Massimo Gizzio, un eroe ucciso due volte

-di STEFANIA CONTI-

Aveva 19 anni Massimo Gizzio. Era uno studente, quel 29 gennaio 1944 quando gli spararono alla schiena. Morì tre giorni dopo, il primo febbraio.

Roma era ancora sotto assedio – gli alleati sarebbero arrivati a giugno – nazisti e fascisti la facevano ancora da padroni. Sembrava che non si rendessero conto che da lì a poco per loro sarebbe arrivata la fine. Una città terrorizzata dove sembrava che vivessero solo donne, anziani, bambini e sfollati. Gli uomini giovani, renitenti alla leva erano nascosti nelle case, nelle cantine, o dove si poteva. L’armistizio era stato firmato l’8 settembre ed era stata ordinata la consegna delle armi, pena la fucilazione “per giudizio sommario”.
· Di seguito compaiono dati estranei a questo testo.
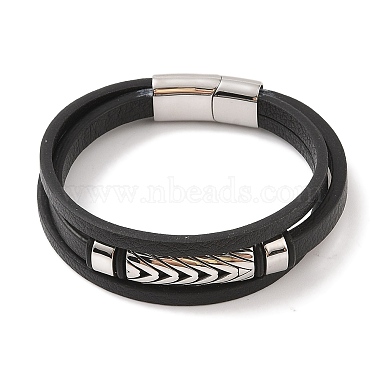 Imitation Leather Bracelets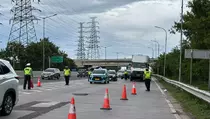 Polisi akan Tilang Truk Sumbu 3 yang Bandel Melintas di Tol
Ma la città non si sottomise. In quei nove mesi di guerra, di uccisioni e deportazioni, nacque un odio terribile contro i nazisti. I romani si organizzarono e cominciarono a combattere.
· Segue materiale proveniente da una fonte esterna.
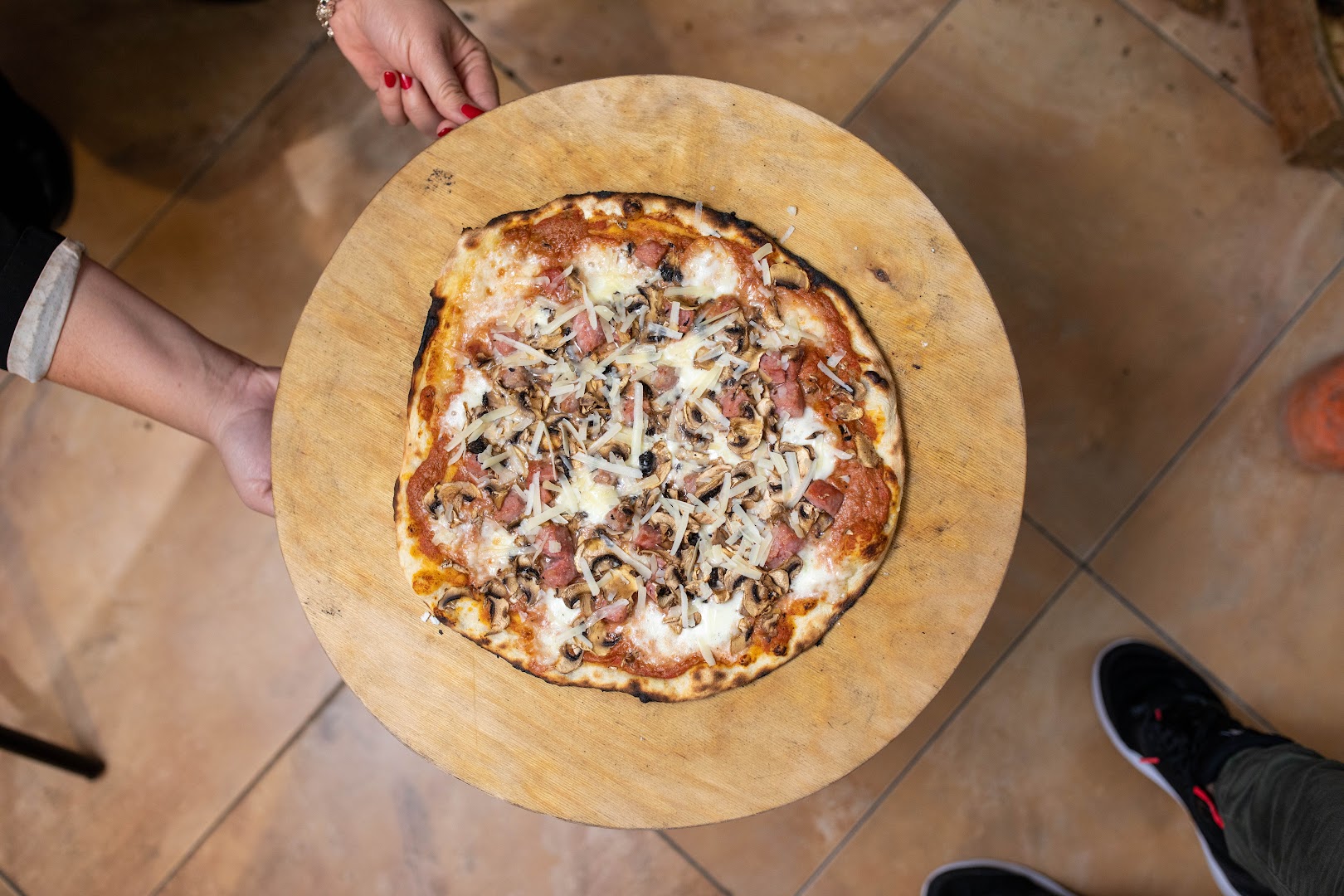 Pizzeria sul Castello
Uno di loro, era appunto Massimo Gizzio. Massimo era un partigiano, studente di giurisprudenza. Nel 1943 aveva aderito al Pci clandestino e insieme a Carlo Lizzani e Vincenzo Lapiccirella aveva fondato il comitato studentesco di agitazione.

Fu anche deferito al Tribunale speciale, ma l’evolversi degli eventi gli permise di tornare in libertà. E dopo l’8 settembre, senza esitazioni prese parte alla resistenza romana.

Il 29 gennaio 1944 , il comitato studentesco proclamò uno sciopero generale in tutte le scuole di Roma, contro i tedeschi e i fascisti. Gizzio era alla testa di un gruppo di studenti del ”Dante Alighieri”. Direzione, piazza della libertà. Stavano per arrivarci , quando una squadra di fascisti in borghese del gruppo “Onore e combattimento” cominciò a sparare sui manifestanti. Massimo Uffreduzzi centrò Massimo con un colpo di rivoltella alla schiena. Dopo tre giorni di agonia, Gizzio morì.

Finita la guerra, ci fu un processo. La corte di Assise di Napoli giudicò i fascisti Massimo Uffreduzzi, Sergio Bertolani, Carlo Alberto Guida e Giorgio De Michele. Nel corso del dibattimento, Uffreduzzi si vantò addirittura di aver commesso “un atto eroico”. Ma quello che fu più incredibile è che tutti e quattro furono assolti. Compreso l’autore materiale dell’omicidio, poiché – parole della sentenza – “anche lui è uno studente, travolto dal clima arroventato della guerra”.

A Massimo Gizzio sono stati intestati un circolo culturale e una scuola, dove ha insegnato a lungo la sorella, Maria.